By Tuesday, March 15, two more explosions and a fire had officials and workers at the Fukushima Daiichi Nuclear Power Station struggling to regain control of four reactors. The fire, which happened at reactor No. 4, was contained by noon on Tuesday, but not before the incident released radioactivity directly into the atmosphere. The Japanese government told people living within 20 miles of the Daiichi plant to stay indoors, to not use air conditioning, and to keep their windows closed. More than 100,000 people are in the area. The government called in 100,000 troops to aid in the relief effort. The deployment is the largest since World War II.

On Aug. 26, 2011, Prime Minister Naoto Kan resigned. The Japanese Parliament elected Yoshihiko Noda as the new prime minister by the end of the month. After taking office, Noda vowed to restart Japan's nuclear plants once they pass safety checks. Noda also said that the country should decrease its reliance on nuclear energy in the years to come. Noda, a fiscal conservative, became the sixth prime minister in five years and faced a weak economy, mounting debt, and the on-going recovery from the earthquake, tsunami, and nuclear disaster from earlier this year.

Tokyo Electric Power released the results of an internal study on the Fukushima Daiichi Nuclear Power Plant on Dec. 2, 2011. The study found that the power plant withstood the March 11, 2011 earthquake.
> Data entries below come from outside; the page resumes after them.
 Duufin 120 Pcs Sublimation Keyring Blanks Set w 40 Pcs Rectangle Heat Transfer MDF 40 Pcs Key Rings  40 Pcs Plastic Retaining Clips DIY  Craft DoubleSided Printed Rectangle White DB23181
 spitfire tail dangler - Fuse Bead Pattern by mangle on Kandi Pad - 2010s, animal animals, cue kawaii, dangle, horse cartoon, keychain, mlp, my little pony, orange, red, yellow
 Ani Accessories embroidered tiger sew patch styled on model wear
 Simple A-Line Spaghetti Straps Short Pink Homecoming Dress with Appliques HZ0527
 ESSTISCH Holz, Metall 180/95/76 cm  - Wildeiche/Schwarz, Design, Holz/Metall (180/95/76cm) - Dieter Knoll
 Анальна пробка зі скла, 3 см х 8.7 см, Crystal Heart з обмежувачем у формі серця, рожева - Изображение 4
The report revealed that the tsunami, which followed the earthquake, caused the damaged to the plant. The company hoped the study's results would calm concerns about other nuclear plants in Japan where earthquakes are far more common than tsunamis. The report showed that the company was unprepared for the large tsunami and, therefore, slow to respond to the disaster. The Japanese government was also conducting a separate investigation.
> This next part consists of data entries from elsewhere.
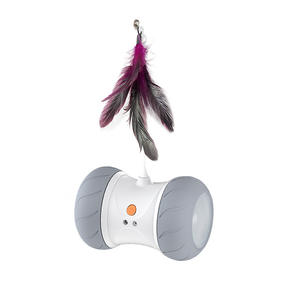 Juguete Interactivo Eléctrico para Gatos Feather Cat Teaser DU CP01 con Sonido, Blanco y Gris Claro, Antiaburrimiento para Gatos - Product Image 1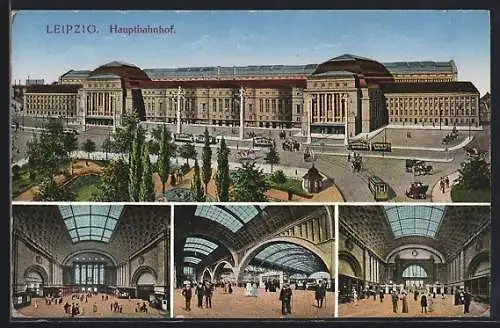 AK Leipzig, Hauptbahnhof, aussen und innen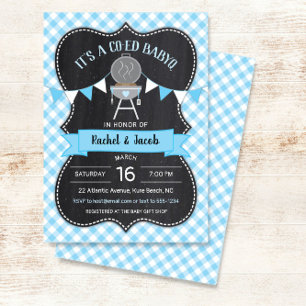 Convite Chá de fraldas BABYQ Blue Gingham Chalkboard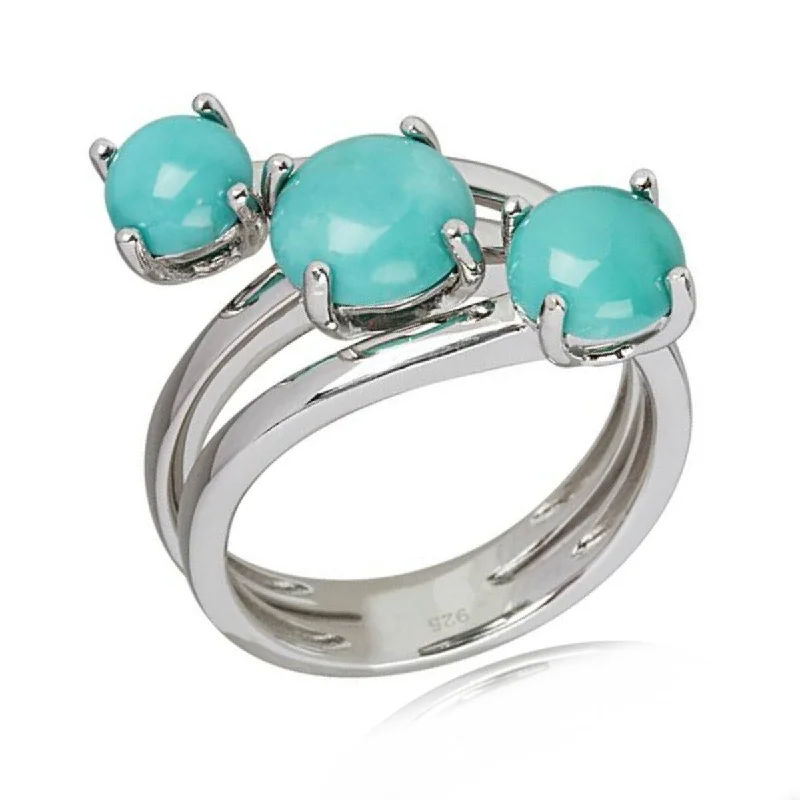 Women’s emerald-cut ring-925 Sterling Silver Campitos Turquoise 3- Stone Ring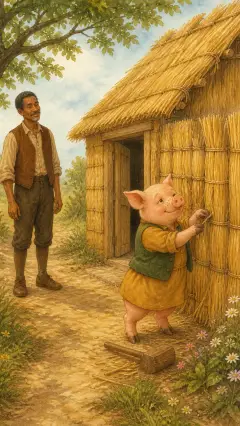 and the little Pig built a house with it.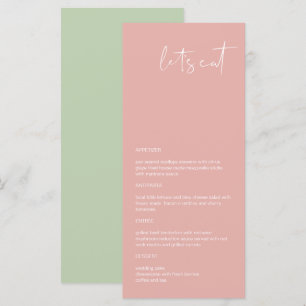 LEAH Vibrant Pastel Pink Frühling essen Speisekart Menükarte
Also in December, Prime Minister Noda announced that the reactors at the Fukushima Daiichi Nuclear Power Plant were under control, thus declaring an end to the nuclear disaster. The government planned to spend the next several years removing the fuel stored at the site and dismantling the plant, budgeting 1.15 trillion yen ($14 billion) through March 2014 for the radiation cleanup. Some radiation-poisoned areas could take decades to clean up. By the end of 2011, the government had lifted evacuation orders for some of the communities near the plant, but many of the 160,000 people refused to return home.
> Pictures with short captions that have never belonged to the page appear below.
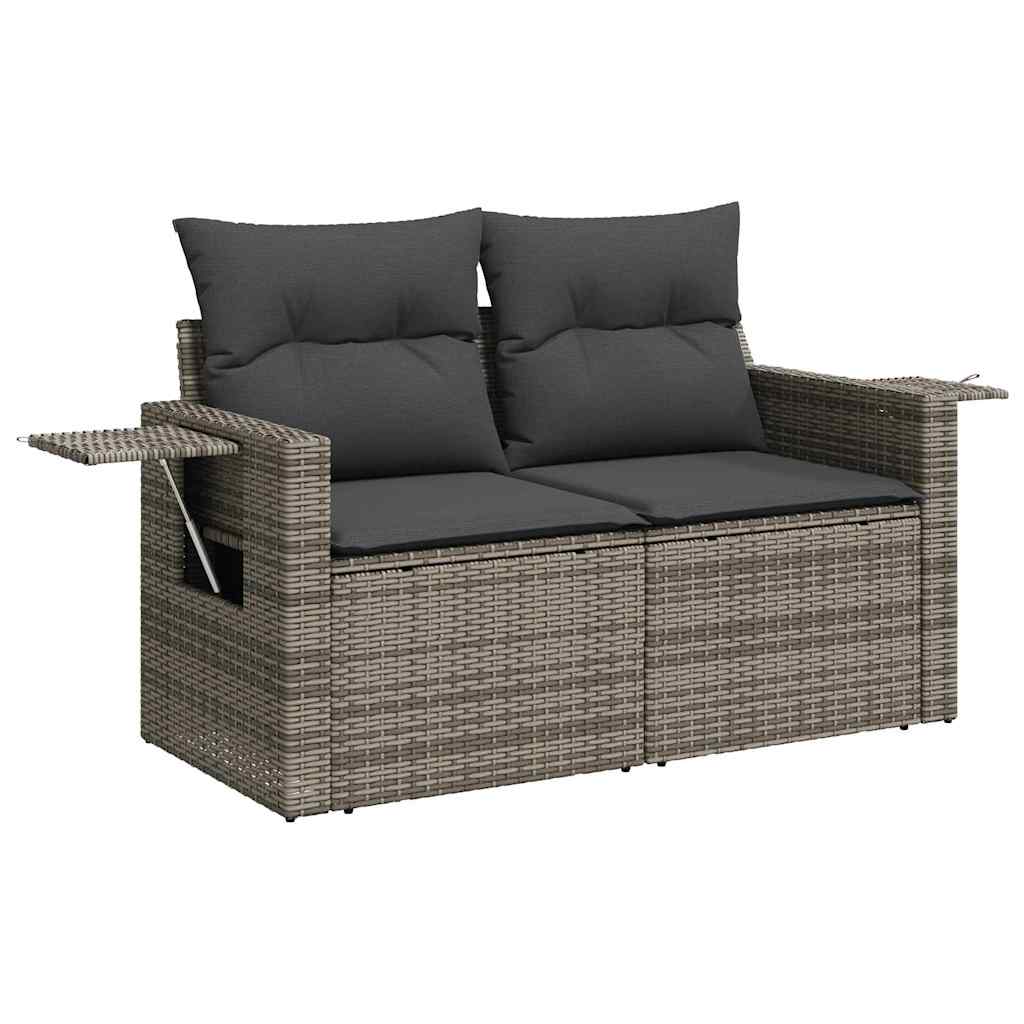 6 Pcs Garden Sofa Set with Cushions Grey Poly Rattan - Stylish & Durable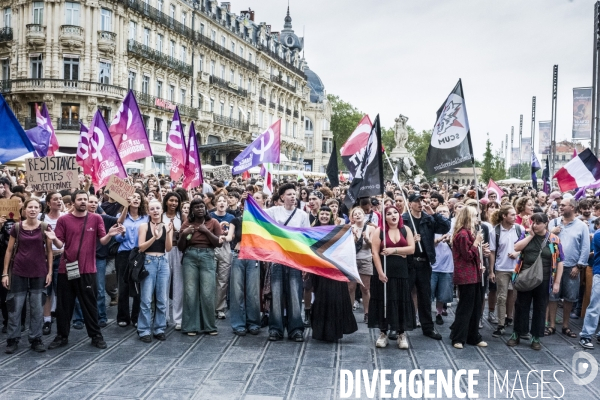 Montpellier, 07.09.2024. Manifestation contre  le coup de force de Macron 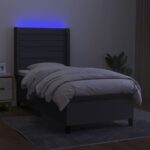 vidaXL Posteľ boxsping s matracom a LED tmavosivá 90x200 cm látka – Obrázok 3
A year after the disaster, the country was still recovering. While the country rebuilt factories and roads as well as showed growth in its economy by the end of 2011, the cleanup was still far from complete. More than 160,000 people had not returned to their homes in the radiation-poisoned areas. Not trusting the decontamination process, they refused to go home even after the government lifted evacuation orders from certain communities.

An independent parliamentary commission released a report in July 2012, stating that the 2011 nuclear crisis was a preventable disaster. The report also concluded that the Fukushima Daiichi Nuclear Power Plant could have been damaged first by the March 2011 earthquake, before the tsunami hit. The fact that the earthquake could have damaged the plant was particularly unsettling because earthquakes occur frequently in Japan. It was also a cause for concern because, during the summer of 2012, Japan was removing its temporary freeze on nuclear power and restarting the Ohi nuclear plant. All 50 of Japan's nuclear reactors have been idle since the Fukushima Daiichi nuclear disaster in March 2011.

In Feb. 2012, Japan and the U.S. revisited their 2006 agreement over removing 8,000 Marines from Okinawa. For years, Okinawa residents have opposed the presence of Marine Corps Air Station Futenma, a reminder of the United States' occupation of Japan after World War II. Both sides agreed to revise the 2006 condition that the key base must be relocated before moving the Marines. The Marines were supposed to relocate to Guam by 2014. Even without the 8,000 Marines, the island would still have 10,000 Marines as well as the U.S. Air Force's Kadena Air Base.